EXERCISE:
In the data that follows, find the line with "天辰娱乐官网平台入口:沈阳数控机床产业集群:未来制造业的发展趋势与机遇"; transcribe it, every later line up to the one with "Schmetterling auf der Hand — Stockvideo", and that line as well, exactly and with no others.

RECORDS PROVIDED:
·····

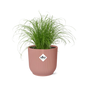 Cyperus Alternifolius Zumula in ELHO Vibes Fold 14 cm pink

·····

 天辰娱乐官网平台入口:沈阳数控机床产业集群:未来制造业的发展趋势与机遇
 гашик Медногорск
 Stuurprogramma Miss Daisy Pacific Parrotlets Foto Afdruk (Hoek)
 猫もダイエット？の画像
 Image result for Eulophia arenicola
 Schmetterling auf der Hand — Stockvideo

·····

YOUR RESPONSE:
 天辰娱乐官网平台入口:沈阳数控机床产业集群:未来制造业的发展趋势与机遇
 гашик Медногорск
 Stuurprogramma Miss Daisy Pacific Parrotlets Foto Afdruk (Hoek)
 猫もダイエット？の画像
 Image result for Eulophia arenicola
 Schmetterling auf der Hand — Stockvideo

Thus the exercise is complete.